Case 1: (y+2)!/x! = 1, implying that (y+2)! = x!.
It's possible that x=3 and y=1, with the result that y is ODD.
It's possible that x=4 and y=2, with the result that y is EVEN.
INSUFFICIENT.
Statement 2: (y+2)!/x! > 2
Case 2: (y+2)!/x! = 3, implying that (y+2)! = 3x!.
Here, x=2 and y=1, with the result that both sides of the equation = 3!.
In this case, y is ODD.
Case 3: (y+2)!/x! = 4, implying that (y+2)! = 4x!.
Here, x=3 and y=2, with the result that both sides of the equation = 4!.
In this case, y is EVEN.
INSUFFICIENT.
Statements combined:
Case 2 satisfies both statements.
In Case 2, y is ODD.
Case 4: (y+2)!/x! = 5, implying that (y+2)! = 5x!.

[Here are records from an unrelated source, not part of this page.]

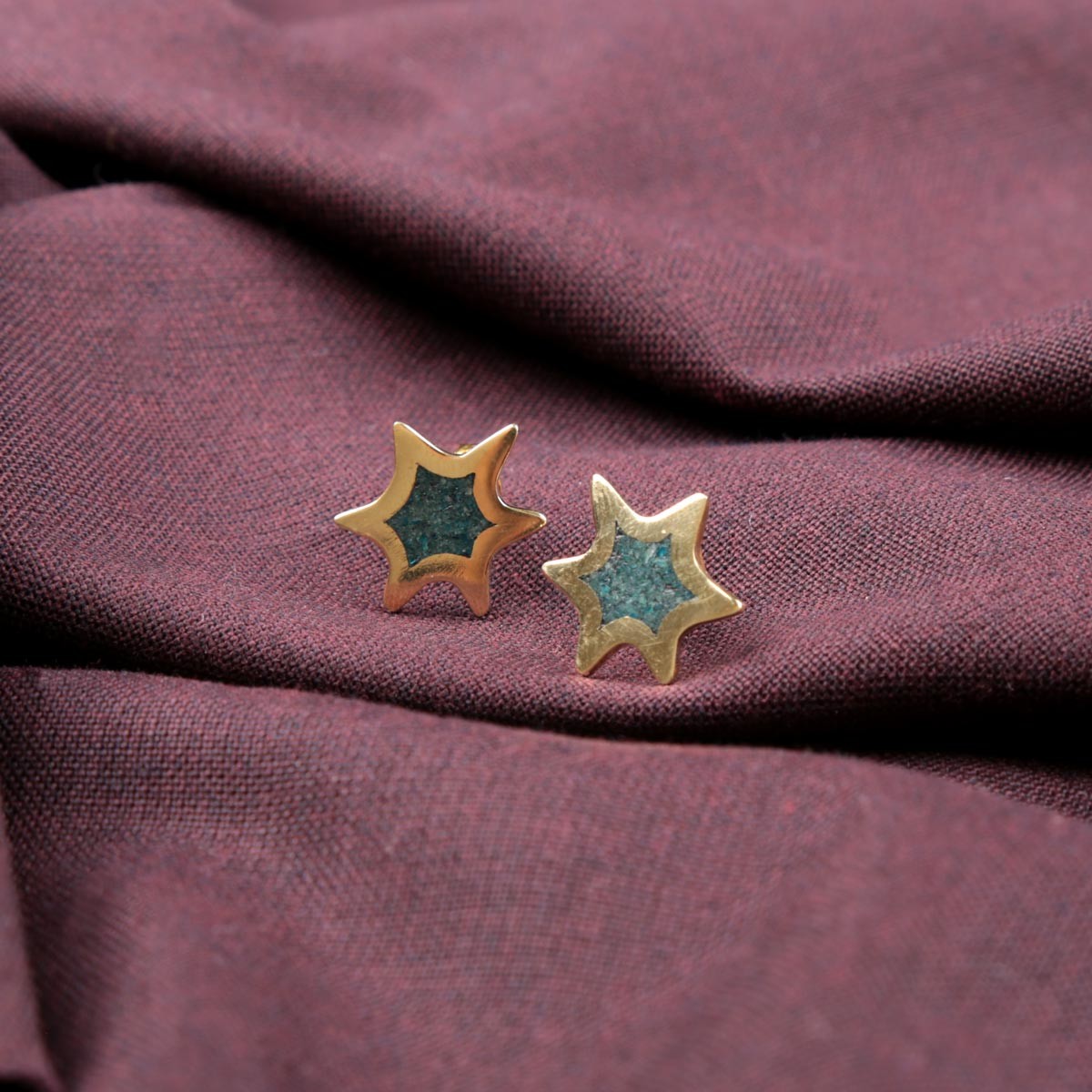 Green Bamyan Turquoise Star Stud Earrings | Gold Plated Brass Small Studs 1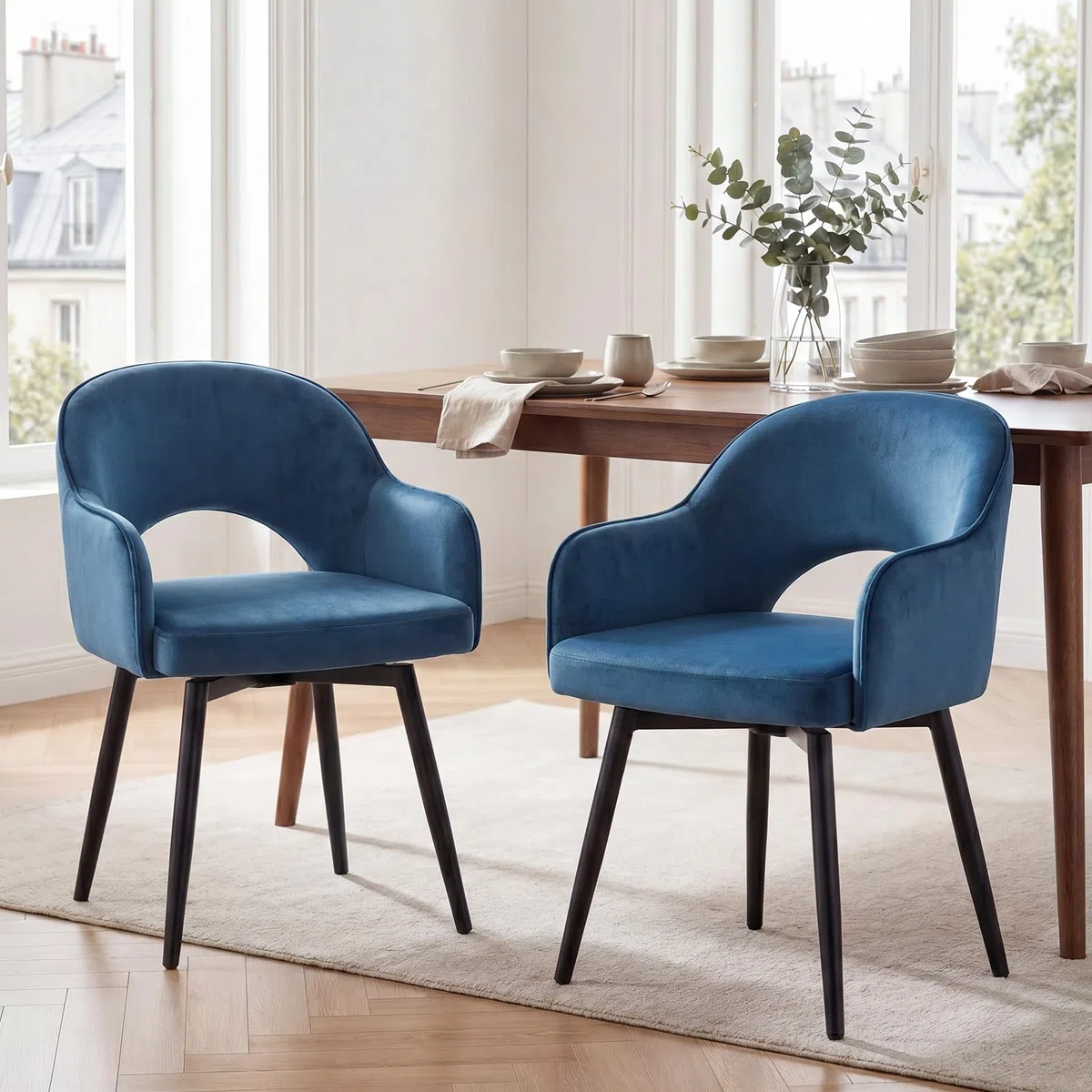 chairus Set di 2 Sedie da Pranzo in Velluto Sedia Cucina Girevole Poltroncina Imbottita con Schienale Sedia Moderna Design con Gambe in Metallo per Sala da Pranzo/Soggiorno, Blu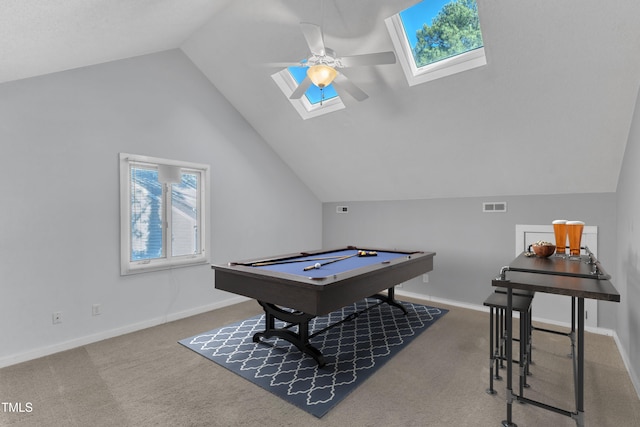 3617 Top Of The Pines Ct, Raleigh, NC 27604 - game room with a skylight, a ceiling fan, lofted ceiling, billiards, and carpet floors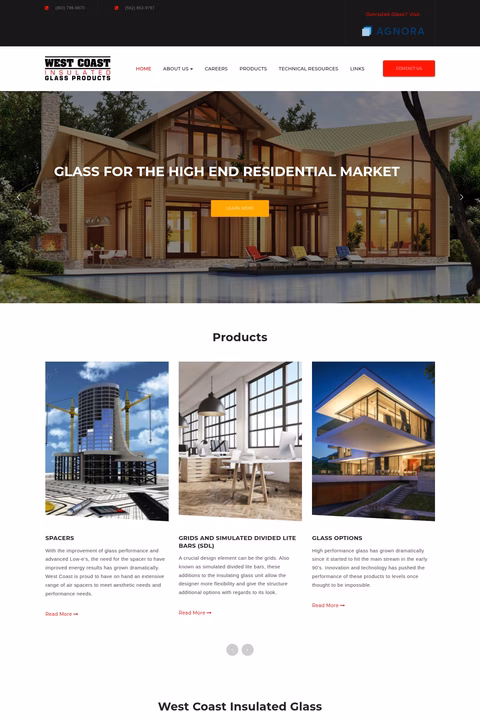 West-Coast-Glass Homepage 1440px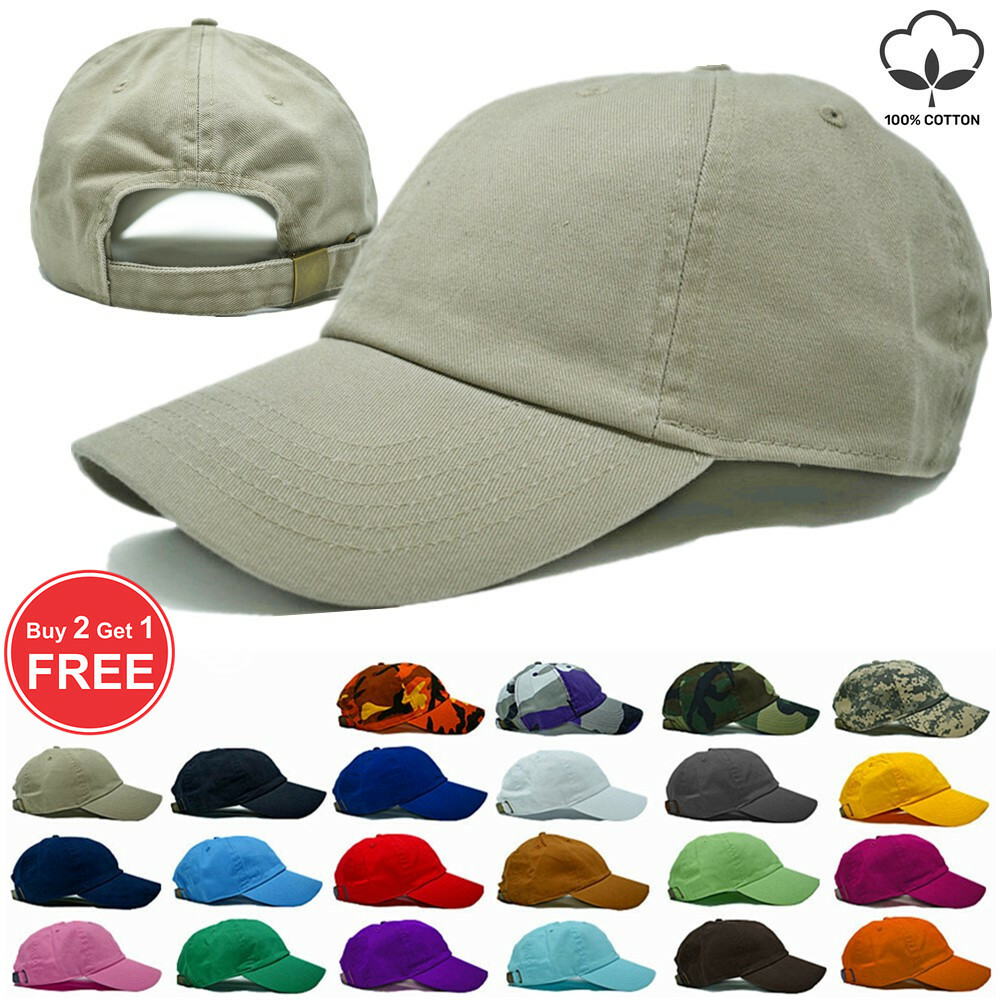 For Mens Womens Adjustable Cotton Plain Baseball Caps Dad Hat Washed Ball Cap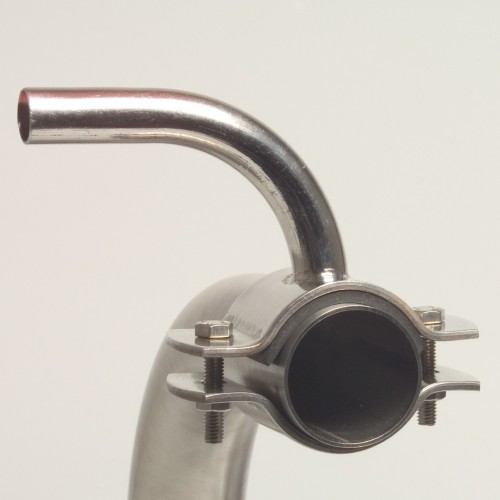 Edelstahl-Milchanschluss, 90 gebogener Stutzen 16/18mm fr 50-52mm Leitung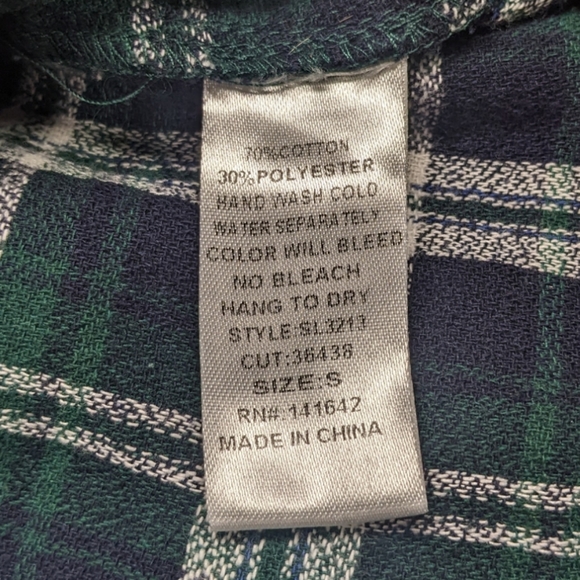 She+Sky Size Small Green Blue & White Flannel Tunic with Laces - Picture 5 of 11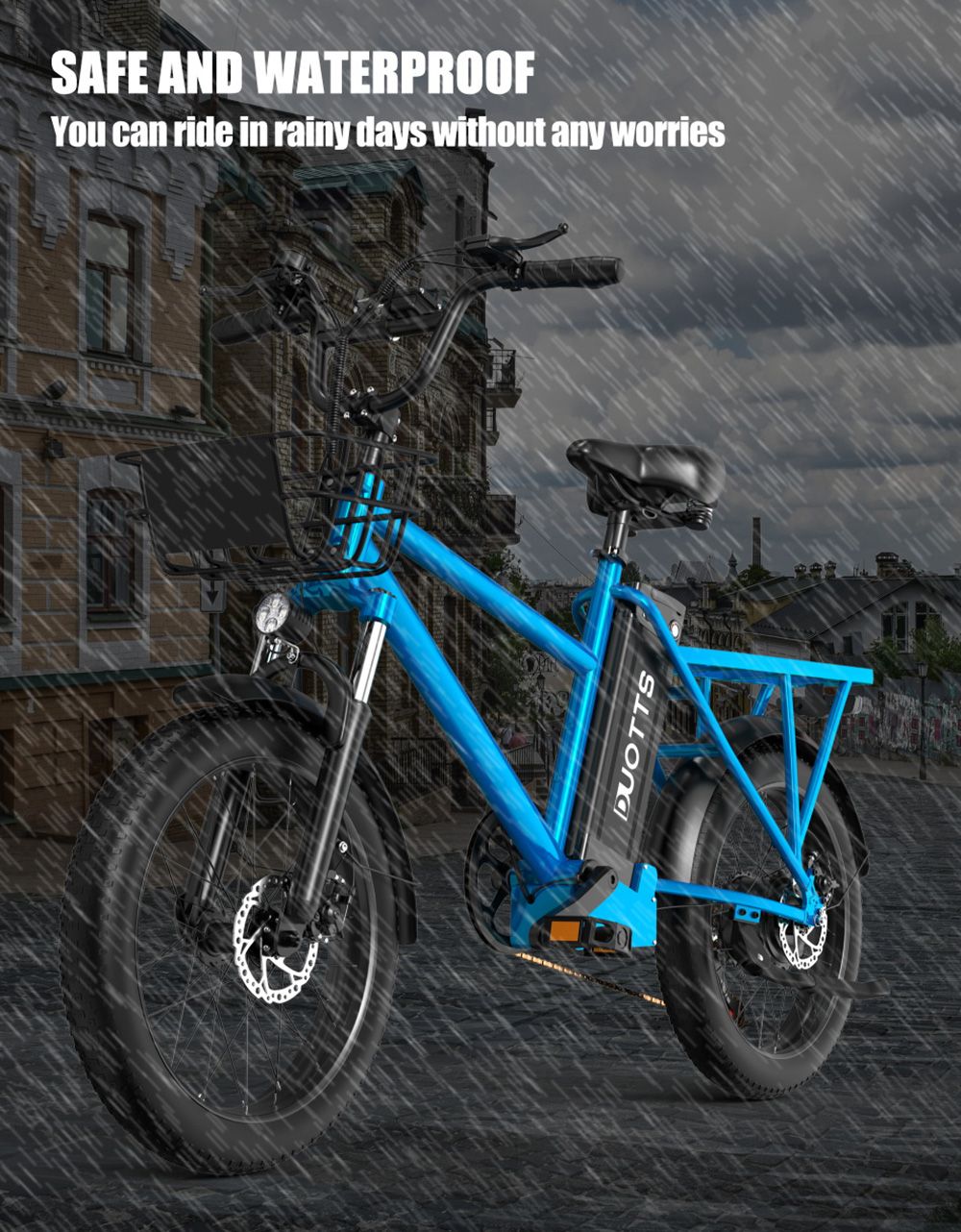 DUOTTS C20 Electric Bike Cargo Bike 48V 15Ah Removable Battery 500W Motor 45km/h Max Speed - Blue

Here, x=4 and y=3, with the result that both sides of the equation = 5!.
In this case, y is ODD.
Case 5: (y+2)!/x! = 7, implying that (y+2)! = 7x!.
Here, x=6 and y=5, with the result that both sides of the equation = 7!.
In this case, y is ODD.
In every case that satisfies both statements, y is ODD.
SUFFICIENT.
The correct answer is C.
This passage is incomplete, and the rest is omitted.